Esse cenário de fricção — a opulência digital de um lado e o lixão químico do outro — não é apenas um problema de logística reversa. Ele é o ponto nevrálgico onde duas grandes correntes das Ciências Humanas colidem. De um lado, a preocupação pragmática e imediata com a gestão ambiental e a economia circular; de outro, a análise implacável da luta de classes, que insiste que o problema não é o lixo, mas a estrutura de exploração que o produz.
A crise ambiental — neste caso, a do “e-lixo” — não é neutra. É intrinsecamente política e social. O Antropoceno, era geológica marcada pelo impacto humano, tem um endereço socioeconômico definido: ele é gestado nas salas de reunião do Primeiro Mundo e aterrado nos quintais do Sul Global. A questão que nos move é: será que podemos resolver a crise da matéria sem antes resolver a crise da exploração?
O mapa cartográfico da logística reversa vs. o rio da luta de classes
A primeira abordagem teórica, focada na gestão do lixo eletrônico, pode ser vista como um mapa cartográfico. É uma perspectiva que busca nomear, medir e estabelecer fronteiras de responsabilidade. Ela mapeia o problema (a geração de 2,2 milhões de toneladas de REE no Brasil em 2020), classifica as categorias do descarte (linha branca, azul, verde, marrom, por exemplo) e desenha o caminho ideal de solução: a logística reversa.

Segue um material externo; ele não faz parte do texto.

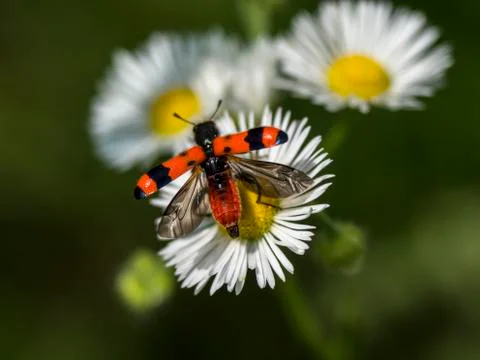 Tape beekeeper (Trichodes apiarius) in the oak forests of insects. Stock Photos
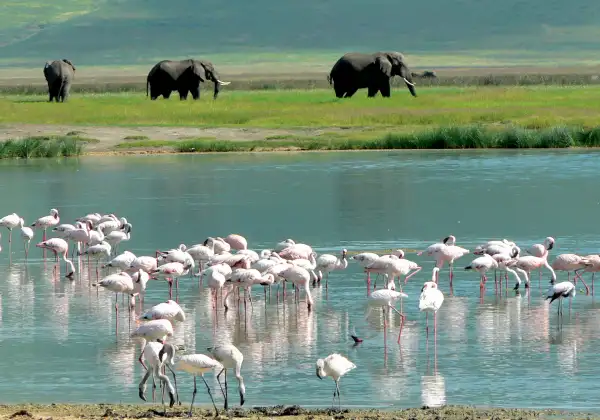 ngorongoro-crater4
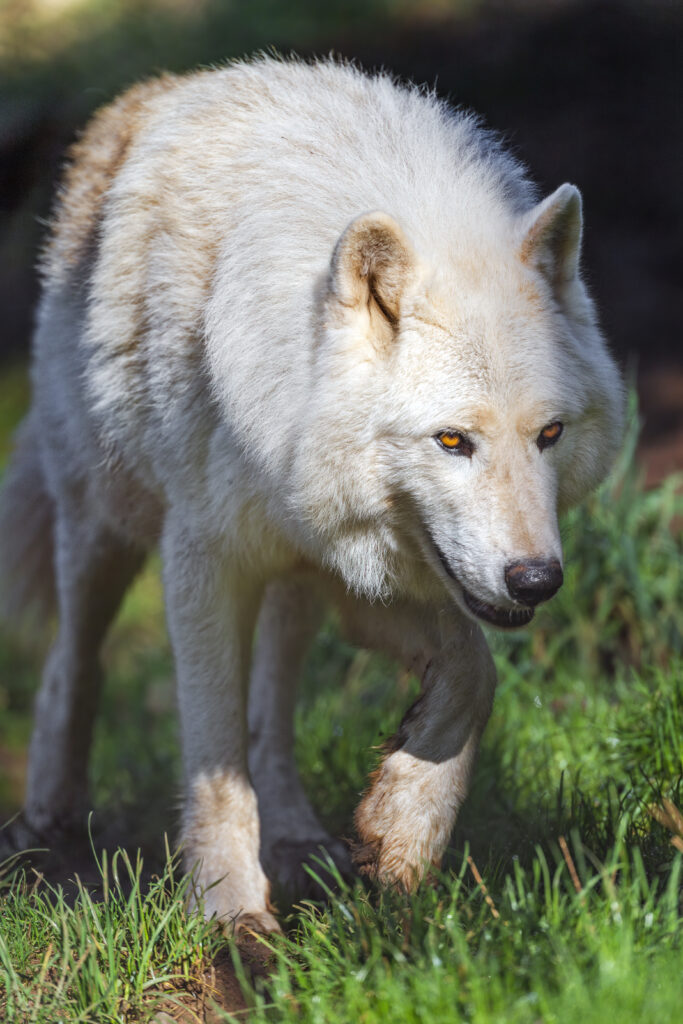 Majestic Polar Wolf in Motion: Powerful Predator Wallpaper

Essa “engenharia do retorno” tem seu mérito. Ancorada na Política Nacional de Resíduos Sólidos (PNRS), propõe a responsabilidade compartilhada e a busca pela economia circular. É uma teoria da ação que se alinha aos Objetivos do Desenvolvimento Sustentável (ODS 12, 13 e 15), propondo que a reciclagem — que, no Brasil, mal alcança 3% do total — pode economizar até 70% de energia e 60% de matérias-primas virgens. Nessa visão, o problema é sistêmico, mas solucionável por meio de leis, metas de coleta e maior conscientização. O foco está na ação, na infraestrutura e na parceria entre o setor público, o privado e a sociedade. O lixo é visto como uma falha no sistema de produção, mas também como uma oportunidade de negócio e de sustentabilidade.

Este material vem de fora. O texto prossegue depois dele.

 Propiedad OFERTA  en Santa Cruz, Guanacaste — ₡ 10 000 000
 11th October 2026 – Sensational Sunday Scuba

Contudo, se a primeira teoria é um mapa a ser seguido, a segunda — a da luta de classes — é o rio subterrâneo que desenha seu próprio curso. Para essa perspectiva, a gênese do lixo não está na falha de gestão, mas na estrutura fundamental de exploração e acumulação que rege o modo de produção. O conceito central é que a sociedade se divide em classes — grandes grupos que se diferenciam pelo lugar que ocupam no sistema produtivo e, crucialmente, pela sua relação com os meios de produção e a apropriação da riqueza, como define Lênin.
O que é o lixo eletrônico senão a materialização da obsolescência programada e do consumo acelerado? Para a ótica crítica, o problema da montanha de silício é o reflexo da exploração estrutural. A existência do lixo é objetiva e independe da consciência do consumidor; é um imperativo da lógica do capital, que necessita da renovação incessante de mercadorias para sobreviver. A tragédia em Gana não é a ausência de logística reversa, mas a reprodução de uma hierarquia global em que o ônus tóxico é transferido para aqueles que já estão à margem — numa negação de sua condição de “classe-para-si”, forçados a serem apenas “classe-em-si” (existência econômica) no lixão.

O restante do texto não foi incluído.